A recent study at Ohio State University explored precisely what walleye can see in various water conditions. Some of the research confirmed details that anglers have long suspected. In clear water, the study found, walleye will strike white lures or almost any color. When the water is clouded by sediment, they are more likely to go for yellow or gold, and in green algae-laden waters, walleye eyes are best at seeing black.
Suzanne Gray, a professor of environment and natural resources at Ohio State, researches why and how some animals can adapt easier than others to human-induced environmental changes. She was initially attracted to Lake Erie walleye because of their exceptional visual skills and exposure to annual algal blooms in their spawning waters in the warm shallows of the lake's western basin. Human-induced nitrogen-rich agricultural runoff causes the blooms, which can grow dense, massive and spread across half of Lake Erie.

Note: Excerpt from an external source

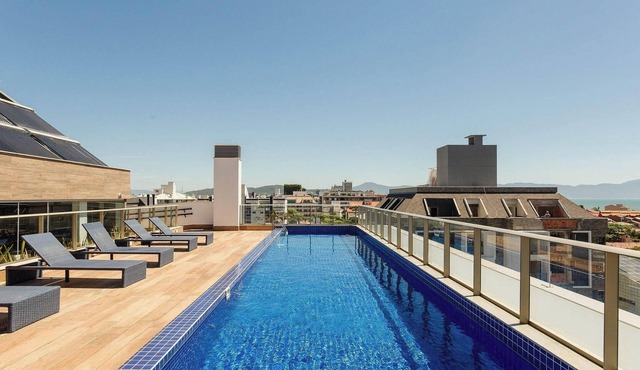 Elus - Building With Rooftop Pool 350m From the Beach!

Gray recently explained some of her research in a webinar angled for anglers and hosted by Ohio State and Ohio Sea Grant, a research, education and outreach center linked to the National Oceanic and Atmospheric Administration.
"From my perspective, I think of individual fish and how they respond to environmental stressors, whether that's changes in the color and clarity of the water or changes in the temperature of the water," she said. "How do fish sense those changes internally? Do they then react and respond, and what does that mean across the lifespan of the fish and the community of fish?"
Some rely on smell. Other fish feel disturbances in the water through the sensitive lateral line. The walleye's eyes evolved as its predominant sense. The bulbous organs find food and avoid predators even through dense algal matting and mud or other sediment from waves or tributaries. The eyes detect movement under high waves and have acuity at water depths beyond the reach of visual light (about 33 feet below the surface of clear water). Walleye rely on sight to spawn, to scan the water during the twilight of dusk and dawn, during starless nights and when a bright moon casts stark silhouettes.
Some of what Gray has learned about walleye eyes may help anglers make decisions about lure color choices in degrees of water clarity.
"These are very visually dominated fish, so they use vision for a lot of different tasks," she said. "Then, of course, there's the human dimension. [Anglers] are likely to spend some time thinking about what lure you're going to use each time you go to catch fish. In the case of walleye they are visual hunters. They have color vision, they can see in really low light. We know these things. So really understanding what they see under different conditions is pretty important to this recreational angling industry, which is worth about $2 billion a year in Ohio."
Gray and her research team conducted a lab test to document the basic visual abilities of walleye under various water color and clarity conditions. A phone app was developed and Lake Erie charter captains were recruited to log data noting lure color, water color and clarity as well as clients' walleye catches during various levels of water turbidity. The researchers used that information to make predictions about the walleye bite when using lures of particular colors under various water conditions. Finally, they tested those predictions in a controlled fishing experiment.
As expected, the initial laboratory testing confirmed that visual perception decreased in water clouded with sediment, and was further degraded in mixed sediment and algae. When the water contained algae only, however, walleye vision reduced 40% as compared with what they could see in sediment. Also, to detect prey in algal waters, walleye needed to be 15% closer than in sediment.
The charter captains' data showed base lure color success varied by water clarity and color. This part of the research found that white lures outfished other colors when the water was clear. Yellow and gold were hot in water clouded with sediment. But when waters were green with algae, more walleye were caught on black and purple lures.
In the controlled fishing experiment, grad students performed the hard work of fishing in Lake Erie. They logged lure color, water clarity and time of day to test the predictions developed using data from the previous testing. They took six fishing trips in clear water, six in turbid water and three trips during algal blooms. Four people were fishing at a time, each with a different lure color.
"For our experiment we used this analysis to understand if fish preferred any of these four lure colors in a given water condition," said Gray. "What we found was that in clear water ... there was no preference, they would just pick whatever color they saw first, maybe. In sedimentary turbid conditions ... given all the lure colors, the probability that the fish were going to strike on a gold lure is much higher. Under algae conditions ... when given a choice between all four colors, the fish seemed to prefer black."
Despite low sample sizes and reduced research in algal waters, Gray said the experiment confirmed that in various water conditions walleye could see some colors better than others, and proved that researchers could predict walleye lure color preferences in various water conditions.
That's what fishing guides successful walleye anglers do on every trip. But conducted in controlled conditions, the study put some PhD credibility behind knowledge of an important yet understudied game species.